Bercermin dari sejarah, hampir seabad lampau, ketika KH. Ahmad Dahlan berijtihad ‘meluruskan arah kiblat’ sholat menjadi ‘tidak lurus ke arah Barat’, banyak pihak saat itu yang belum bisa menerimanya sebagai bagian dari upaya ‘menegakkan’ urusan agama. Namun kini, setelah hampir seabad berlalu, ijtihad itu tak perlu lagi diributkan. Semua bisa menerima tanpa harus mempersoalkan siapa yang dulu ‘membuatnya seolah jadi kontroversi yang membahayakan umat’. Maka, tidak mustahil, bahwa seabad yang akan datang, elit agamawan dan pemerintah juga tidak perlu lagi sibuk atau ’seolah dibuat repot’ untuk membuat keputusan tentang kapan sebenarnya 1 Syawal.

Umat Islam ketika itu tak harus menunggu detik-detik akhir bulan Ramadhan untuk tahu kapan 1 Syawal akan datang. Jauh-jauh hari mereka sudah bisa mendapatkan pengumuman dan membuat rencana agenda lebaran.
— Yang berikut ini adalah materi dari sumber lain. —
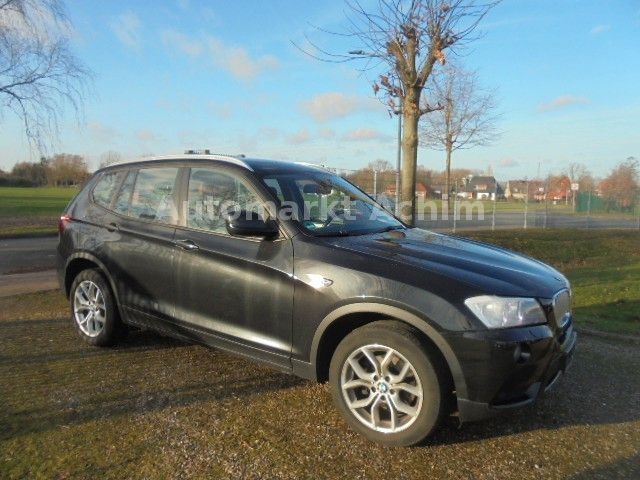 BMW X3 xDrive 30 d Automatik LEDER+NAVI+XENON+AHK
Karena saat itu, bangsa ini sudah bisa memanfaatkan alat penerawangan hilal, entah dengan teropong yang jauh lebih super canggih lagi atau dengan bantuan satelit ‘alien’ yang bisa mengapung di atas awan di langit nusantara. Sehingga ‘awan dan mendung’ atau ’silau matahari’ tidak lagi menjadi penghalang bagi penglihatan-mata-telanjang untuk memutuskan apakah status penglihatan-akal dalam membuat perhitungan matematis tentang peredaran matahari dan rembulan di garis edarnya selama ini sudah tepat atau justru meleset/sesat dari kebenaran. Dengan memakai perhitungan dari hasil penerawangan secara intens kemunculan hilal di sebelas bulan lainnya sebelum Ramadhan, para ahli yang serius di bidang ini, dibantu teknologi yang mungkin jauh lebih canggih lagi, bisa ‘melihat dengan tanpa keraguan’ bahwa hilal bulan Syawal memang sudah ada di atas ufuk berapapun derajat kemunculannya tanpa, sekali lagi, menunggu detik-detik akhir bulan Ramadhan.

Akhirnya, mari tetap kita sikapi perbedaan ini sebagai keindahan mozaik Islam, atau bahkan mozaik sebuah keluarga. Khusus kepada ibu dan adik iparku, saya ‘ijin’ berlebaran lebih dulu. Jangan khawatir, seabad lagi, perbedaan kecil seperti ini mungkin tidak akan lagi kita jumpai di keluarga ini. Wallahu a’lamu bish-shawab. Taqabbalallahu minna wa minkum. Mohon maaf lahir dan batin. Selamat berlebaran.